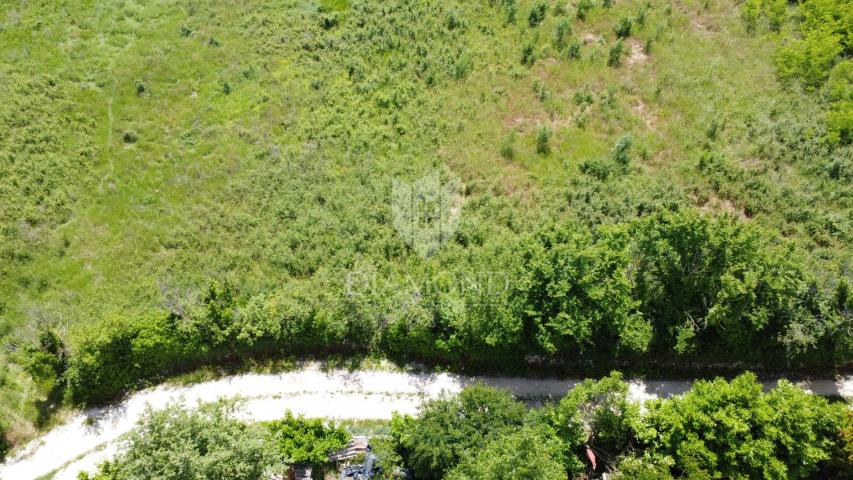 Poreč - Surroundings - Excellent Building Land 906 m² with Project and Permit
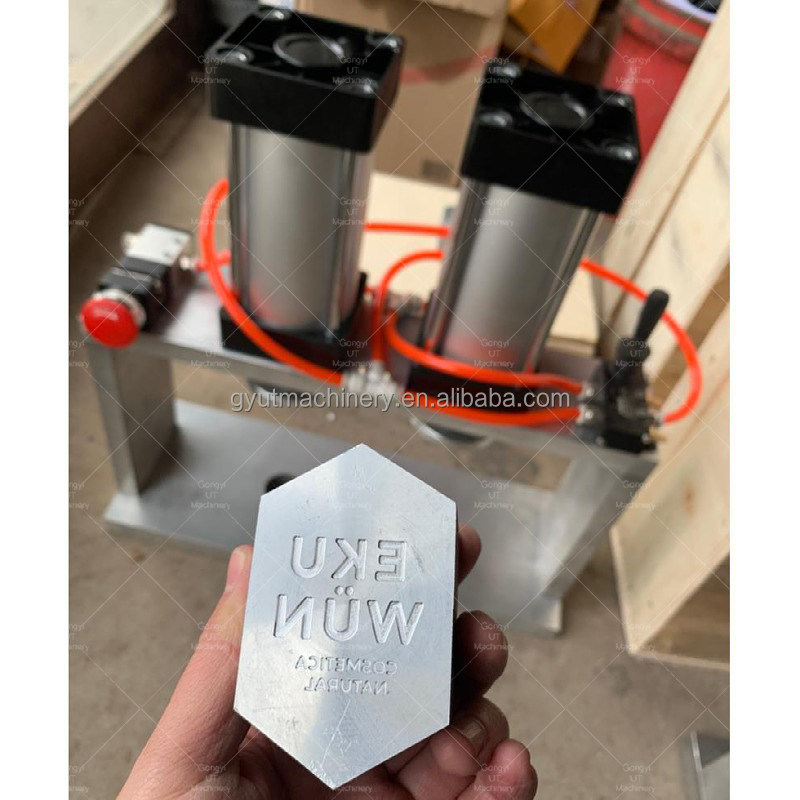 Individuell angepasste Badeballbomben in verschiedenen Größen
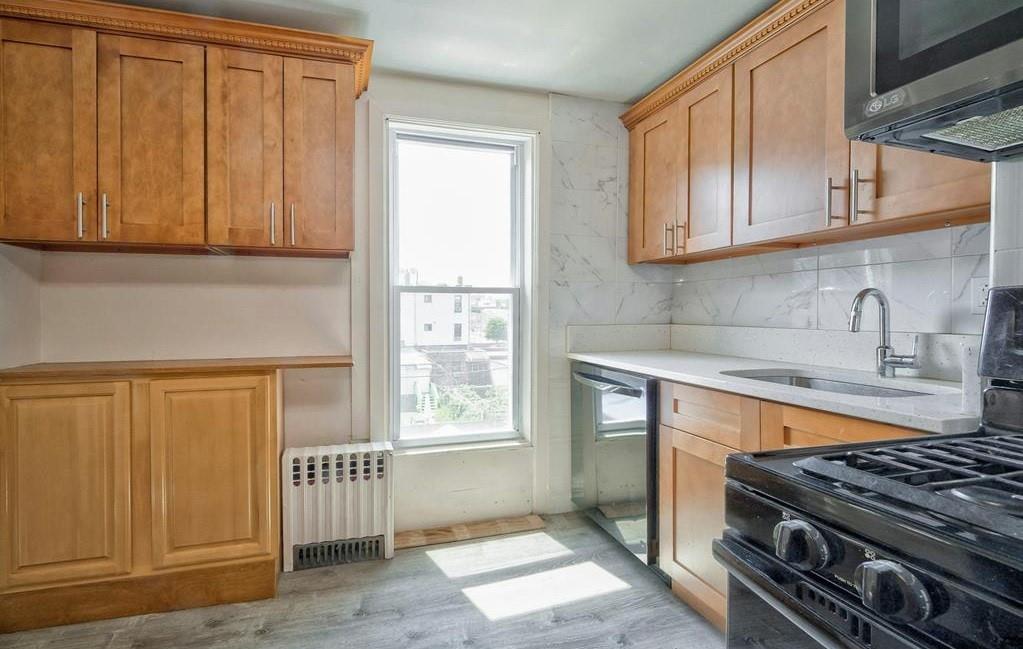 328 39th Street Sunset Park Brooklyn NY 11232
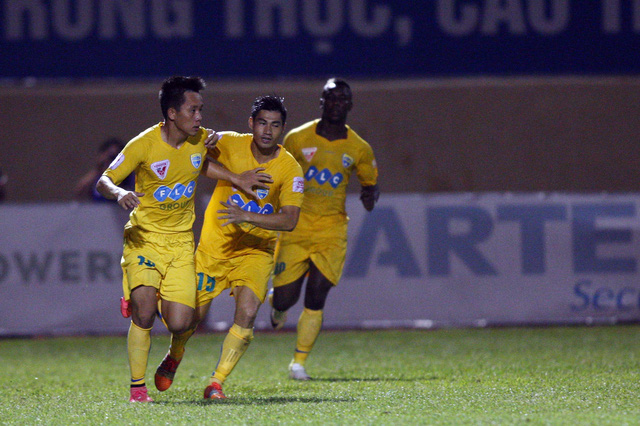 Ảnh bài viết FLC Thanh Hóa 3-2 XSKT Cần Thơ (Vòng 18 V-League 2016)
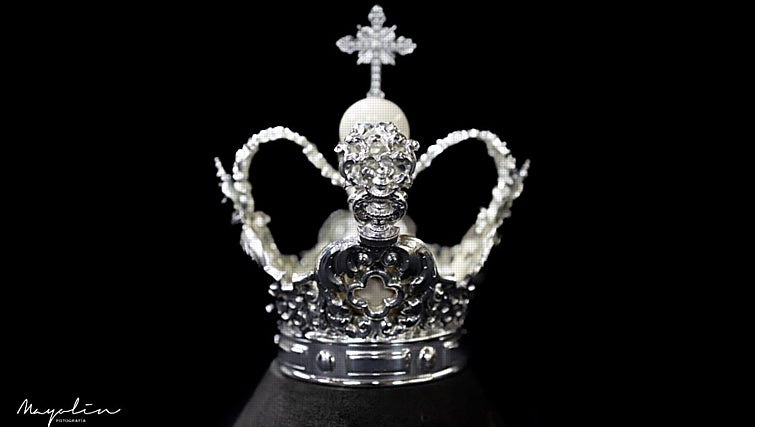 Estes são os novos atributos da Virgen del Rocío.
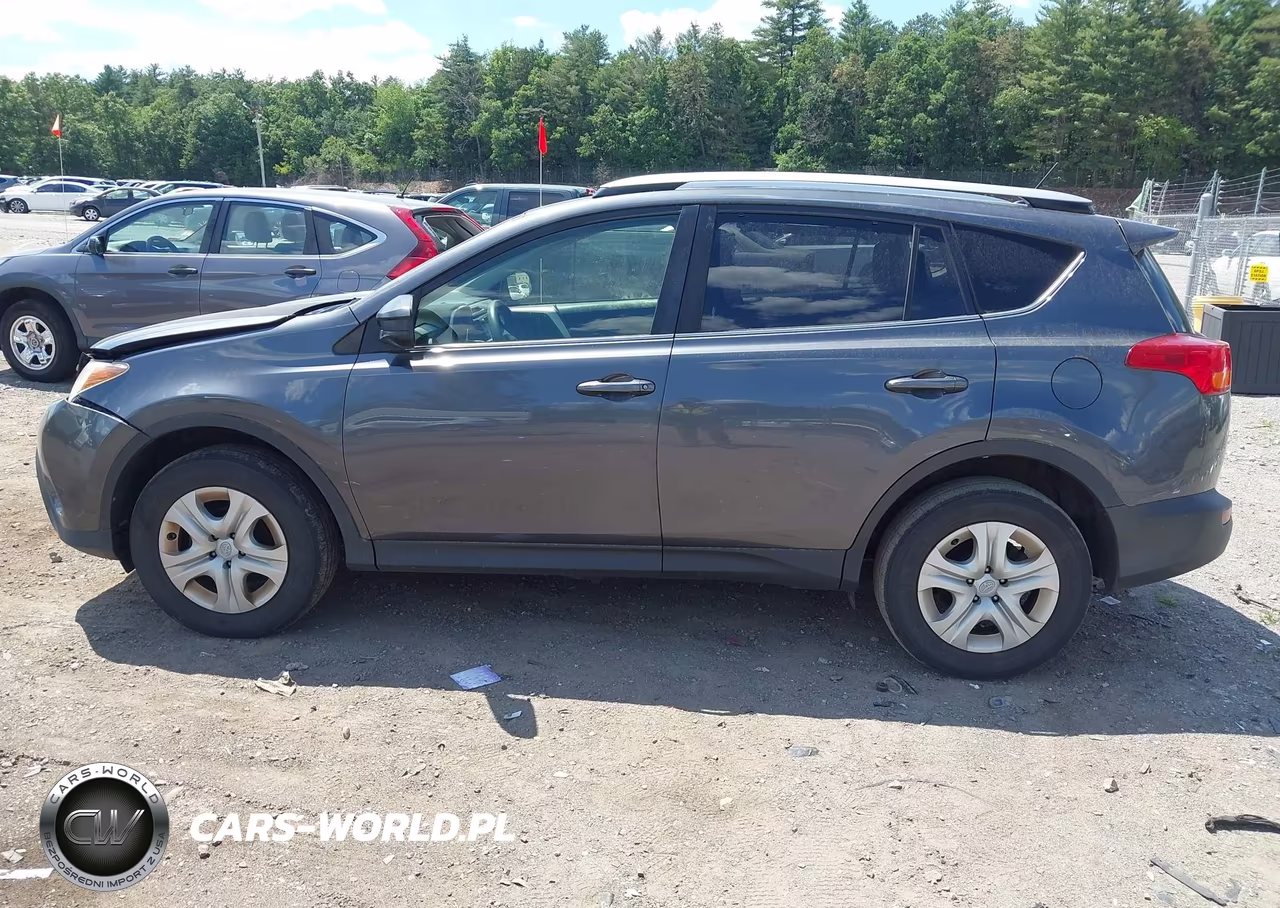 2015 Toyota Rav4 Le VIN:JTMBFREV3FD148175 - 14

·····

▶ _Directions for this task_:
Transcribe each entry above exactly, apart from the pictures.

▶ _Reply to the exercise_:
 Poreč - Surroundings - Excellent Building Land 906 m² with Project and Permit
 Individuell angepasste Badeballbomben in verschiedenen Größen
 328 39th Street Sunset Park Brooklyn NY 11232
 Ảnh bài viết FLC Thanh Hóa 3-2 XSKT Cần Thơ (Vòng 18 V-League 2016)
 Estes são os novos atributos da Virgen del Rocío.
 2015 Toyota Rav4 Le VIN:JTMBFREV3FD148175 - 14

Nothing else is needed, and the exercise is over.